Will Fatah choose reconciliation or collaboration?

Raja Abdulhaq, The Electronic Intifada, 26 October 2010

Clashes between the main Palestinian movements Hamas and Fatah date back to the late 1980s when Hamas was officially founded and the early 1990s when Fatah took control of the Palestinian Authority, newly established under the 1993 Oslo accords.

In the wake of the first Palestinian intifada, there were confrontations between Hamas and Fatah supporters over the leadership of the intifada. Fatah refused to admit that a new Islamic movement was rising from within the occupied West Bank and Gaza Strip and taking part in leading the struggle, which Fatah had been leading for decades from neighboring countries. After Fatah was forced to leave Jordan and Lebanon, it recognized that the next stage of the Palestinian struggle would take place inside the occupied West Bank and Gaza Strip and therefore tried to diminish Hamas’s influence in the area.

Hamas’s attacks against Israeli soldiers escalated in response to the Oslo accords and its terms, which in Hamas’s opinion was biased in Israel’s favor and abandoned basic Palestinian rights. It is worth noting that Hamas initiated its first suicide bomb attack against Israeli civilians just weeks after Israeli settler Baruch Goldstein massacred dozens of Palestinians praying in Hebron’s Ibrahimi Mosque on 25 February 1994. Since then, Hamas has continuously offered Israel to come to an agreement to avoid civilian deaths on both sides, but Israel has always refused.

The main dispute between Hamas and Fatah is the result of what is known in the Oslo accords as “security coordination” between the Palestinian Authority and Israel. Article XV of the 1995 Israeli-Palestinian Interim Agreement states: “Both sides shall take all measures necessary in order to prevent acts of terrorism, crime and hostilities directed against each other, against individuals falling under the other’s authority and against their property and shall take legal measures against offenders.”

Moreover, Article XVI states: “Palestinians who have maintained contact with the Israeli authorities will not be subjected to acts of harassment, violence, retribution or prosecution. Appropriate ongoing measures will be taken, in coordination with Israel, in order to ensure their protection.” This article can be interpreted as offering a guarantee of protection to those Palestinians who work with the Israeli occupation forces.

The “Roadmap” plan promoted by US President George W. Bush in 2002 also stressed the importance of ending “Palestinian violence.” This ideology of persecuting those who resist Israel and protecting those who spy for Israel created friction within Palestinian society.

While some people strive to use all necessary means to resist the occupation, a right recognized for all occupied peoples under international law, others make every effort to sabotage them and treat them as criminals, in an attempt to follow the terms of the “peace process.” The Palestinian Authority’s actions, it must be stressed, do not target only those who have engaged in attacks on Israeli civilians, but any and all resistance against the occupation, even the Israeli army.
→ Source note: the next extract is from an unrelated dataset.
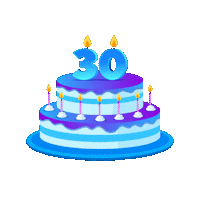 Happy Birthday Sticker by ABB Bank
Furthermore, the Palestinian Authority has sentenced, tortured and even killed some members of Hamas, Islamic Jihad, and even Fatah back in the 1990s. And immediately after Hamas took full control of Gaza in 2007, Fatah began persecuting Hamas activists in the West Bank at the behest of the United States and Israel as a required step to “advance the peace process.”

The heads of the Palestinian security forces, in private meetings, clarified to the Israeli army that there is no rivalry between them. Instead, they both agreed that they are at war against Hamas, the leader of the Palestinian resistance movement. Recently, they made clear their close ties when PA security officials received the chief of staff of the Israeli army, General Gabi Ashkenazi, as their guest in Bethlehem and gave him a guided tour of the city (“Israeli army chief visits Bethlehem,” Ma’an News Agency, 3 October 2010).
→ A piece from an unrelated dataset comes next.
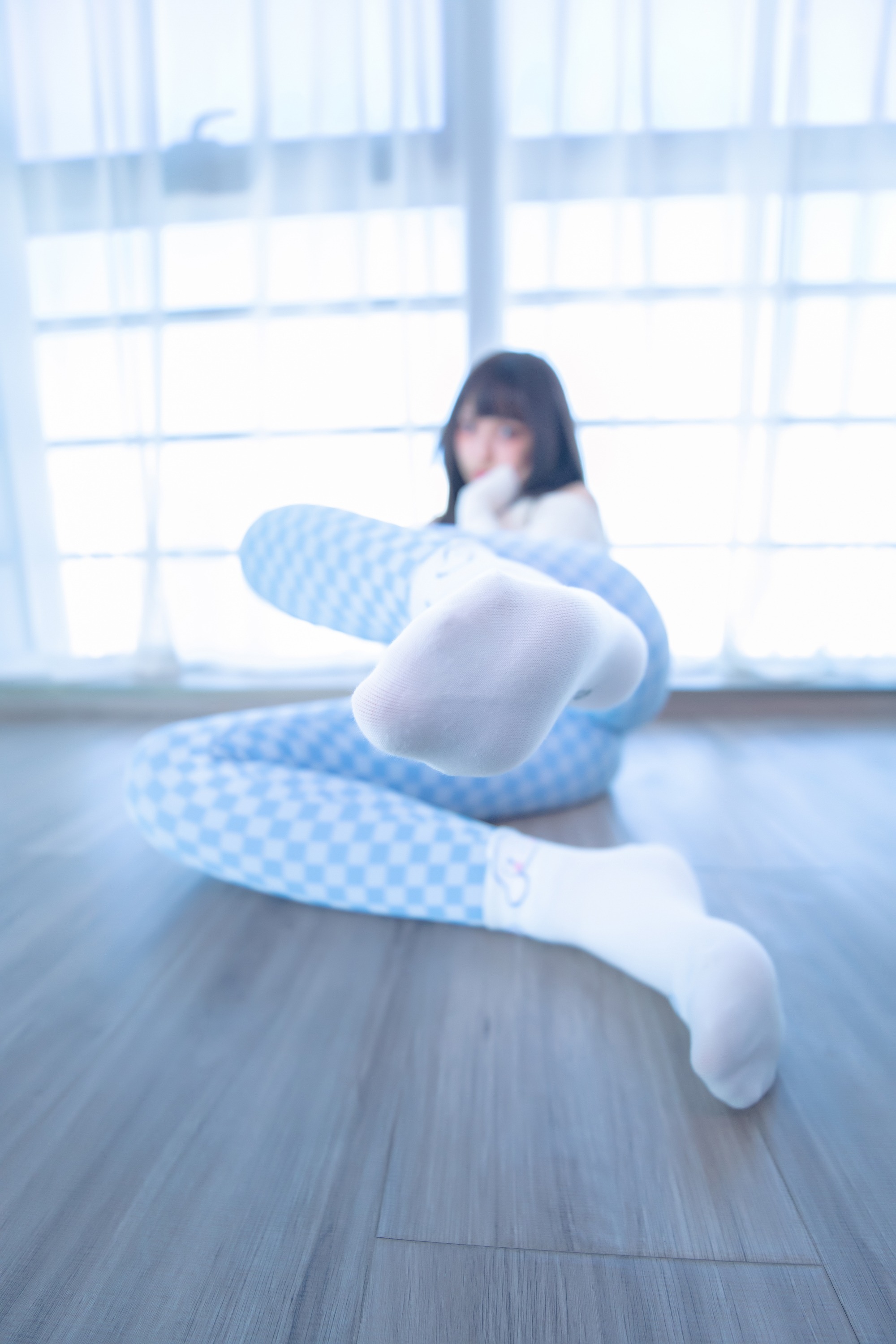 神楽坂真冬 - NO.93 蓝白格 [75P-172MB] 68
Such statements and actions — which have become all too common — clearly portrays that the Palestinian security forces have become a replica of the South Lebanon Army (SLA). Israel’s collaborator militia during its two-decade-long occupation of Lebanon, the SLA was paid to fight against Lebanese and Palestinian resistance in that country.

The PA is very keen to fulfill its security commitments to the Israeli occupation because that is the basis of its relationship with Israel. Therefore, the PA is compelled to continuously hunt down and jail any resistors to the occupation, and to provide Israel with security information. Keeping Hamas members in jails, restricting their movement in the West Bank, or shutting down their grassroots movement makes it all but impossible for Hamas to proceed with a national reconciliation, which it has long sought and which the Palestinian public overwhelmingly wants.
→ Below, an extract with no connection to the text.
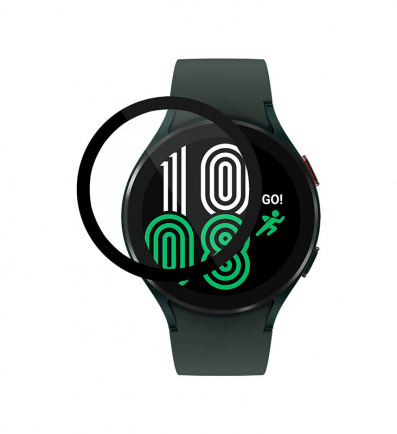 NUVO Tempered Glass Screen Protector for Samsung Galaxy Watch4 44 mm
In addition, the US, along with Israel, will not give Fatah — which is dependent on them for political and other kinds of support — the green light to have a unity agreement with Hamas. The US has spent millions of dollars to build a strong Palestinian security force in the West Bank that has worked to bring security for Israel since 2007.

It is very clear that if Fatah decides to halt its work with the Israeli army, the US and other donors will cut off financial aid to the PA. This leaves Fatah leaders in a critical position where they must choose between returning to the national Palestinian camp, or remaining on good terms with Israel and its occupation army.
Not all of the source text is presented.